-
-
Notifications
You must be signed in to change notification settings - Fork 41
Description
Bug Report
Prerequisites
- Can you reproduce the problem in a MWE?
- Are you running the latest version of AngleSharp?
- Did you check the FAQs to see if that helps you?
- Are you reporting to the correct repository? (there are multiple AngleSharp libraries, e.g.,
AngleSharp.Cssfor CSS support) - Did you perform a search in the issues?
For more information, see the CONTRIBUTING guide.
Description
GetInnerText of the latest AngleSharp.CSS version renders too many line breaks at the start and end of a paragraph
Steps to Reproduce
using AngleSharp;
using AngleSharp.Css;
using AngleSharp.Dom;
using System.Diagnostics;
var content = "<div class=\"entry-content entry-content-single\" itemprop=\"description\"><p><em><strong>[By the studio that brought you <Solo Leveling>, <Reaper of the Drifting Moon>, and many more!]</strong></em></p>\n<p>He was the hound of the Baskerville family: Vikir.</p>\n<p>Yet his loyalty was rewarded by the blade of a guillotine dirtied by slander.</p>\n<p>“I will never live the life of a hound slaughtered after the rabbit is caught.”</p>\n<p>In place of death, an unexpected opportunity awaits him.</p>\n<p>Vikir’s eyes glowed red as he sharpened his canines in the dark.</p>\n<p>“Just you wait, Hugo. I will rip out your throat this time.”</p>\n<p>It’s time for the hound to exact bloody revenge on his owner.</p>\n</div>";
var context = BrowsingContext.New(Configuration.Default
.WithCss());
var doc = await context.OpenAsync(req => req.Content(content));
var description = doc.QuerySelector(("div[itemprop=\"description\"]"))?.GetInnerText().Trim();
Console.WriteLine(description);
Console.ReadKey();
Expected behavior: Outputs
"[By the studio that brought you <Solo Leveling>, <Reaper of the Drifting Moon>, and many more!]\n\nHe was the hound of the Baskerville family: Vikir.\n\nYet his loyalty was rewarded by the blade of a guillotine dirtied by slander.\n\n“I will never live the life of a hound slaughtered after the rabbit is caught.”\n\nIn place of death, an unexpected opportunity awaits him.\n\nVikir’s eyes glowed red as he sharpened his canines in the dark.\n\n“Just you wait, Hugo. I will rip out your throat this time.”\n\nIt’s time for the hound to exact bloody revenge on his owner."

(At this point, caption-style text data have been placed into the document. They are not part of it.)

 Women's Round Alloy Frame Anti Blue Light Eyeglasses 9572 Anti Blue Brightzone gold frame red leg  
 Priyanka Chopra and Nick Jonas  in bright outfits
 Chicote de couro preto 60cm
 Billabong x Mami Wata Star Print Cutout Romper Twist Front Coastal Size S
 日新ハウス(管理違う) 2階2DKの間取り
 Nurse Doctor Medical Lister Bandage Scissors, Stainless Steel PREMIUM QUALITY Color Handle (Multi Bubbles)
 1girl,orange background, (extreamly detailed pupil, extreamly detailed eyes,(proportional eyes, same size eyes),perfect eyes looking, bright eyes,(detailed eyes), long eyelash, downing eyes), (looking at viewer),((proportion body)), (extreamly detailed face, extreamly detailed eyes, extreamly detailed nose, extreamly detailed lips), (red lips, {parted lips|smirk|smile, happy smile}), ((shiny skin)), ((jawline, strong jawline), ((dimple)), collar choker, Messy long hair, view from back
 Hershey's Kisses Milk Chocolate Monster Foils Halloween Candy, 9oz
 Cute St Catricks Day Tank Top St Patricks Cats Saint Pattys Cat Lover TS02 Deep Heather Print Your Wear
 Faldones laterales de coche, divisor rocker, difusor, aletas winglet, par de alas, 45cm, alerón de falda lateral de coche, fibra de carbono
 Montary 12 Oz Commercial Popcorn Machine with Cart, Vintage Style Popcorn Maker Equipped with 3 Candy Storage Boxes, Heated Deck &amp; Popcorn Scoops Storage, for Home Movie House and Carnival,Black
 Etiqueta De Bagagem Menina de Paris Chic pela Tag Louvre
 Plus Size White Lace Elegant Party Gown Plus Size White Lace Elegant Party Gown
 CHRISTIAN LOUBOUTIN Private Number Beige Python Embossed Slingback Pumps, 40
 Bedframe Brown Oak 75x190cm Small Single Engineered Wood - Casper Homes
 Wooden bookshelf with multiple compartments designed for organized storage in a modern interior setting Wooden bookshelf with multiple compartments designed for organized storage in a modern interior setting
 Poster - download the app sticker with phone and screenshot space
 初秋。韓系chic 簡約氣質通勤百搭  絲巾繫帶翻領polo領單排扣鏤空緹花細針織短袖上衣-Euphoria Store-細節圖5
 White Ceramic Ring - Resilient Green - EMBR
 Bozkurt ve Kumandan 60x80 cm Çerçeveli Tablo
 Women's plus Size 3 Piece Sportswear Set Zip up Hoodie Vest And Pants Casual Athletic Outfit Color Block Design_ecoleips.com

Pasting this code into the browser consoles also outputs the same
document.querySelector('div[itemprop=\"description\"]').innerText
Actual behavior: Outputs
"[By the studio that brought you <Solo Leveling>, <Reaper of the Drifting Moon>, and many more!]\n\n \n\nHe was the hound of the Baskerville family: Vikir.\n\n \n\nYet his loyalty was rewarded by the blade of a guillotine dirtied by slander.\n\n \n\n“I will never live the life of a hound slaughtered after the rabbit is caught.”\n\n \n\nIn place of death, an unexpected opportunity awaits him.\n\n \n\nVikir’s eyes glowed red as he sharpened his canines in the dark.\n\n \n\n“Just you wait, Hugo. I will rip out your throat this time.”\n\n \n\nIt’s time for the hound to exact bloody revenge on his owner."
Environment details: .NET 7
Possible Solution
Adjust the RequiredLineBreakCounts in ElementExtension.cs for the Start from 2 to 1 and for the end from 2 to 1
Adding a IsEmpty check for Text Nodes did fix the issue, it was actually empty "\n" line break Text Nodes between the elements (nodes which aren't visible in the frontend anyway, so they shouldn't be rendered).
The current behaviour is actually adding 2 line breaks before the element and 2 line breaks after the element, but Paragraphs should actually render 2 line breaks in total, 1 at the start and 1 at the end.